Hayatım bu üç ay boyunca en güzel zamanlarını geçiyordu. Sevdiğim adamla nişanlıydım, üniversiteye başlamış ve yeni bir sayfa açmıştım, arkadaşlarımdan ayrılmamıştım. Her şey o kadar güzeldi ki bazen bir rüya olmasından korkuyordum.
Sasuke geçen okulda bana asılan bir çocuk gördü diye küplere binmiş, boşta olmadığım belli olsun diye bir yüzük almakta ısrar etmişti.
Bense şu anda gerek olmadığına inanıyordum.
Dolaşmak için dışarı çıkmıştık akşama doğru. Alt alta tuttuğumuz evlerin konumu çok güzeldi. Çevresi kafe, restoran, market ve barlarla dolu işlek bir caddeydi.
Sasuke, Naruto, Neji ve İno'yla aynı üniversiteye gidiyorduk. Geri kalanlarımız ise bu civarlardaki farklı okullara gidiyordu. Bu bir sorun teşkil etmiyordu çünkü nasıl olsa aynı evde kalıyorduk.

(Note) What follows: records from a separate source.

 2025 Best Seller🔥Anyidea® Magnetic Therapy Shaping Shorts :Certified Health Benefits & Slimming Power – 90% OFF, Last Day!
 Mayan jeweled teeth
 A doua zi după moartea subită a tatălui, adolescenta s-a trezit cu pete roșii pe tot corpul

Şimdiyse Sasuke ile okulun önündeki kafelerden birine doğru yürüyorduk. İtachi ve karısı İzumi-san ile buluşmak için sözleşmiştik.
İtachi-san iş nedeniyle çocuğunlukla karısı ile beraber yurt dışında oluyordu. İkisi bu sene evlenmişlerdi. İkisini oldukça tatlı buluyordum. Zaten kendisiyle Sasuke ile nişanımızdan sonra ilk defa görüşecektik.
Kafenin önüne geldiğimizde kalabalık mekana giriş yaptık beraber ve gözlerimiz hemen karşı masayı buldu. İkisi oradaydılar. İzumi-san bizi görünce gülümseyip el salladı. Bizde aynı şekilde karşılık verip masaya geçtik.
"İtachi-san, İzumi-san, nasılsınız?" kocaman gülümseyip el sıkıştık.
"Merhaba Sakura," dedi İtachi-san elimi sıkarken.
ŞİMDİ OKUDUĞUN
deceive the pink flower ¦ sasusaku
Hayran KurguBiliyorum güzelliğin bir çiçeğe benzer, biliyorum bir sır gibi güzelsin. Hani anlatılmaz duygular vardır, sevip söyleyemediğimiz. Şiirler vardır unuttuğumuz. Aşina çehreler vardır hani, zaman zaman hatırlayamadığımız. İşte sen o kadar güzelsin...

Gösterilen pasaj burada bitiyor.